• _Your objective_
Below are the entries; determine how many of their lines contain the string "Leather" and give that figure alone.
── Information given
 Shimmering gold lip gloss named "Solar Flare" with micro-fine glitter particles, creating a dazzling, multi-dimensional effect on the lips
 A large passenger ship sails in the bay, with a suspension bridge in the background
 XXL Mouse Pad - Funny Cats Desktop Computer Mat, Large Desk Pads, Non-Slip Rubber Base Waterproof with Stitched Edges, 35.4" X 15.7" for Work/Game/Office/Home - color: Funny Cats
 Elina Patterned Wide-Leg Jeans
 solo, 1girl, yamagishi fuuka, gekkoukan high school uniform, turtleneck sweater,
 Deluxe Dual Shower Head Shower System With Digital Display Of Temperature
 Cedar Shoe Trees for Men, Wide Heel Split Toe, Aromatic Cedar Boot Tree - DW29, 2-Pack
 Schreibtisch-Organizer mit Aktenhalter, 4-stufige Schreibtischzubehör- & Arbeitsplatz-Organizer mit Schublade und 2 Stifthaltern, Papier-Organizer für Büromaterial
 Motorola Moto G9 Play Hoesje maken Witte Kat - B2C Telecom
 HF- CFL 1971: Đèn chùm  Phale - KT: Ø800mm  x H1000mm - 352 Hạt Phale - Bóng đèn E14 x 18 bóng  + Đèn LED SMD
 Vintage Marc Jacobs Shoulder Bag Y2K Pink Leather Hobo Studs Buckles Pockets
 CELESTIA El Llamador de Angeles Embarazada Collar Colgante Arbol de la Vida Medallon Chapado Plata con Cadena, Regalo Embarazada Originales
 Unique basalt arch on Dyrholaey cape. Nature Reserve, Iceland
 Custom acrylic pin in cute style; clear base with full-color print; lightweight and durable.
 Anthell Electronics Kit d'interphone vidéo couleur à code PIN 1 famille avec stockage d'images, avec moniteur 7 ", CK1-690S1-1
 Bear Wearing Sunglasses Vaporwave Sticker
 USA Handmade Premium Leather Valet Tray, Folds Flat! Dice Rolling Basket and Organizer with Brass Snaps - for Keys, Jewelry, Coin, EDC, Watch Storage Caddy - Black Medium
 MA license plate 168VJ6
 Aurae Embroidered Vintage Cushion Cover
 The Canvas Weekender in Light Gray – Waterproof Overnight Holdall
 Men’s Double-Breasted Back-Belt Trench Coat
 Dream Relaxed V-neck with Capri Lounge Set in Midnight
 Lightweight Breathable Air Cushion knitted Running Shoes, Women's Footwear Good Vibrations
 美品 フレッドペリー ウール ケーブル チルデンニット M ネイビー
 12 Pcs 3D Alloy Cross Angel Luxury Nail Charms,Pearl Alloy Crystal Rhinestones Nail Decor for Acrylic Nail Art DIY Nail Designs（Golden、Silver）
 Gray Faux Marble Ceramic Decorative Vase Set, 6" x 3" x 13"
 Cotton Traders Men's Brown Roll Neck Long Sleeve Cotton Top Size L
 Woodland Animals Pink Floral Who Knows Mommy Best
────
• _Reply to the exercise_
2